[[ GIVEN MATERIAL open ]]
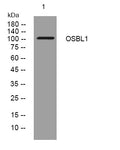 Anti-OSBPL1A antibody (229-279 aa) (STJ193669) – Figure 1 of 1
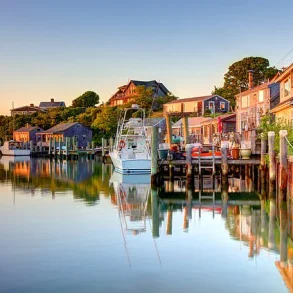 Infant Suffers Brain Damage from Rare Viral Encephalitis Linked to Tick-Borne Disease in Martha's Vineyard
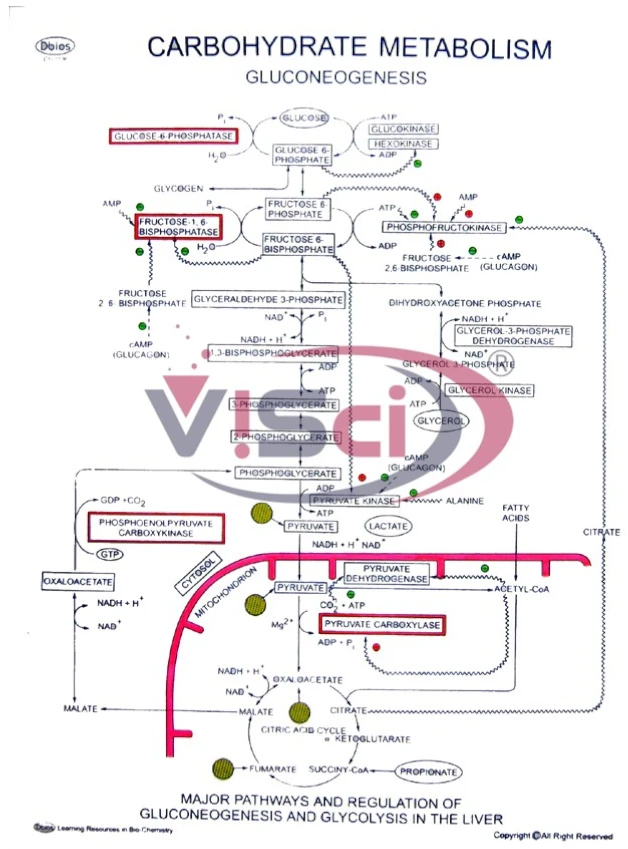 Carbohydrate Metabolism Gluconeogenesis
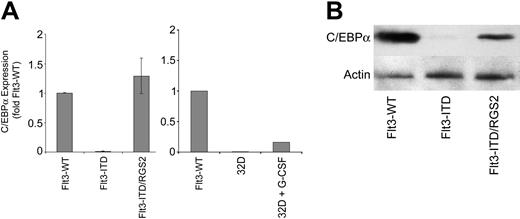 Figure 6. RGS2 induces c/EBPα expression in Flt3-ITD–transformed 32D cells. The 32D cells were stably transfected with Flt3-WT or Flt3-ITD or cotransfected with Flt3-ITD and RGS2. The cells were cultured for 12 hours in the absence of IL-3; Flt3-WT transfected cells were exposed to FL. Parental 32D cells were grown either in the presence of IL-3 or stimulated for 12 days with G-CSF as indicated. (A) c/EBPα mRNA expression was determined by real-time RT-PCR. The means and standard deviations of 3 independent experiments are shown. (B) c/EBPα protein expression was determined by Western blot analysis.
[[ GIVEN MATERIAL closed ]]
YOUR TASK: Copy, exactly and exclusively, the lines beginning with the one that contains "Carbohydrate Metabolism Gluconeogenesis" and ending with the last line of the listing; pictures are to be omitted.

TASK RESPONSE:
 Carbohydrate Metabolism Gluconeogenesis
 Figure 6. RGS2 induces c/EBPα expression in Flt3-ITD–transformed 32D cells. The 32D cells were stably transfected with Flt3-WT or Flt3-ITD or cotransfected with Flt3-ITD and RGS2. The cells were cultured for 12 hours in the absence of IL-3; Flt3-WT transfected cells were exposed to FL. Parental 32D cells were grown either in the presence of IL-3 or stimulated for 12 days with G-CSF as indicated. (A) c/EBPα mRNA expression was determined by real-time RT-PCR. The means and standard deviations of 3 independent experiments are shown. (B) c/EBPα protein expression was determined by Western blot analysis.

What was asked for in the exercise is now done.